One of the most important key indicators for a hunting ranch is the health of the deer on their property. Ranch owners will often set up cameras around their ranch to capture videos of animal movement. These images are then painstakingly classified by hand. The more male deer there are on the ranch, the more desirable the location to hunters.

For our project in our machine learning class, we wanted to solve this problem. We knew someone that was able to provide pictures of deer and other animals from several cameras from his property. We were given thousands of pictures to work with, so we got right to work.

Our Process

The different types of animals we were provided were: turkeys, pigs, racoons, and white tail deer. While the primary goal is to track male white tail deer, data on other classifications would be valuable to ranches. We got started by building upon a previous machine learning project that was built on FastAI. FastAI is a wrapper around PyTorch that simplifies training models. We were quickly able to insert the data provided and get a model with 99.3% accuracy, but we knew that this was unrealistically high, and something must have been wrong. So unlike many other machine learning projects, our goal was to get the accuracy down by preventing overfitting.

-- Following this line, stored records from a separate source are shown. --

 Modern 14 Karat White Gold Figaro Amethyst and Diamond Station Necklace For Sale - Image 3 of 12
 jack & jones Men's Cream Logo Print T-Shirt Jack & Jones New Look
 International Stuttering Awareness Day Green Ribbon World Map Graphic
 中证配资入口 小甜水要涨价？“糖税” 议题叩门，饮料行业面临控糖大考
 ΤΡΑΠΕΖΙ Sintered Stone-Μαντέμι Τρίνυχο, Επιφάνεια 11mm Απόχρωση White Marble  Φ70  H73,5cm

After looking closer at the data, we came to the realization that the images were all too similar and it was using the wrong features of the images to make the classification. We implemented heatmaps to see what the model thought was important, and you can see just how poorly it was performing.

It was clear that our data needed to be cleaned, so we did a few things to improve it. First, our data had a lot of duplicate images due to the fact that they were from video streams. We scrubbed the images of duplicates. While doing this, we also split the data into test and training sets. We were careful to get as much variety in the training set as possible, and mixed in some challenging images in the test set. This brought the accuracy down to 86%. Given the amount of images that we had and the quality of those images, this sounded more along the lines of what we would expect.

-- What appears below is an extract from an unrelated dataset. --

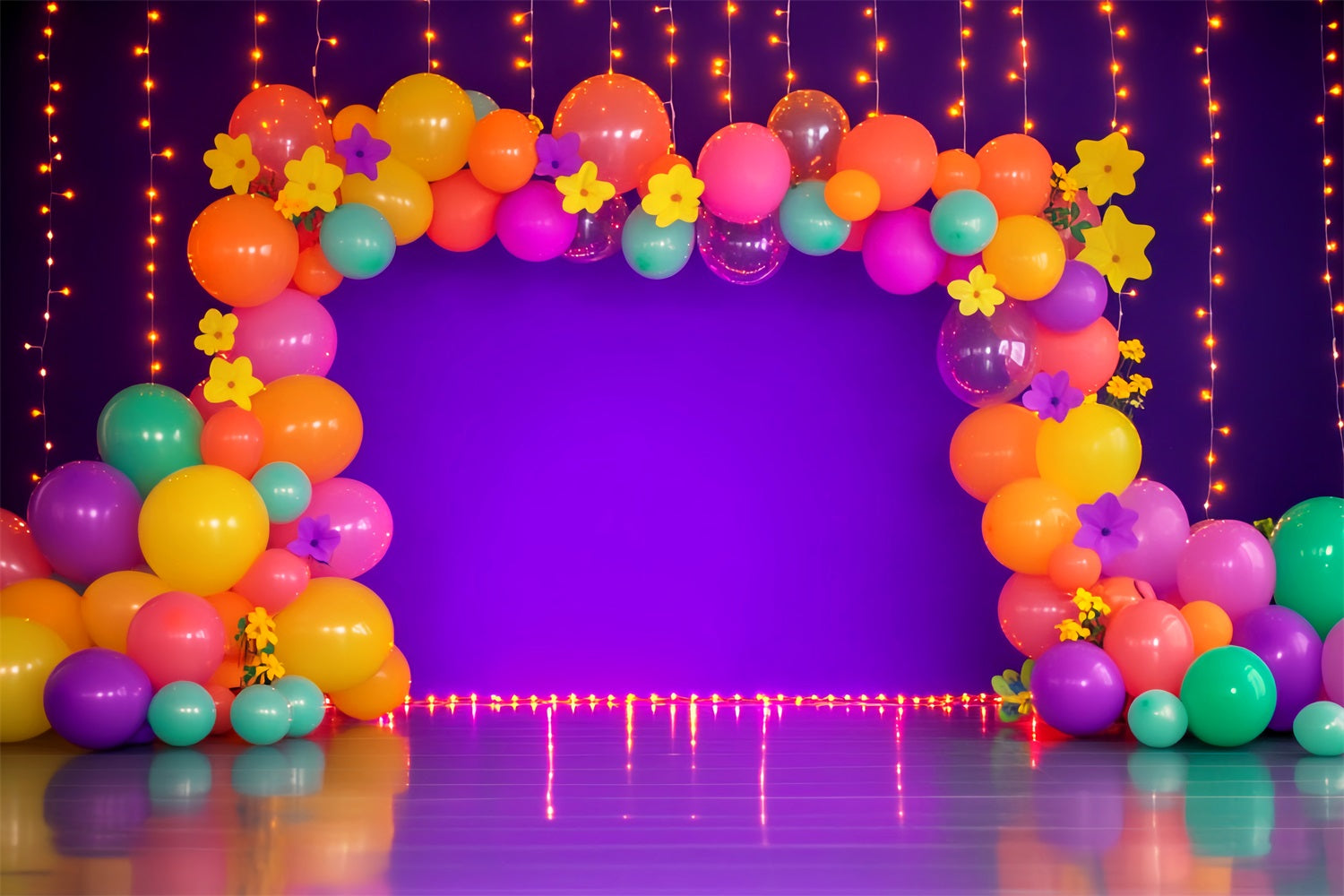 Rainbow Backdrop Neon Balloon Garland Lights Children Backdrops UK LXX58-365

Our data set had one big problem. While we had lots of pictures with animals, we had no pictures that were empty. This, in combination with the duplicates is what causing such bad attention. Before we checked the attention, we acquired and inserted these images. After inserting these images, the accuracy increased to 88.5%, and the attention improved significantly as seen below.

The attention is by no means perfect, but it is behaving the way we would expect. In the above pictures, you can see that the model generally uses the area around the deer to classify. The image that is interesting here is the empty picture. Almost the entire image is highlighted, suggesting that it couldn’t find anything.

Up to this point, we had just been cleaning the data that we were given. We updated the model a bit and we found that changing from resnet34 to restnet50 improved the accuracy to 91.5%. We felt pretty confident in the model at this point, but we knew that the dataset could improve.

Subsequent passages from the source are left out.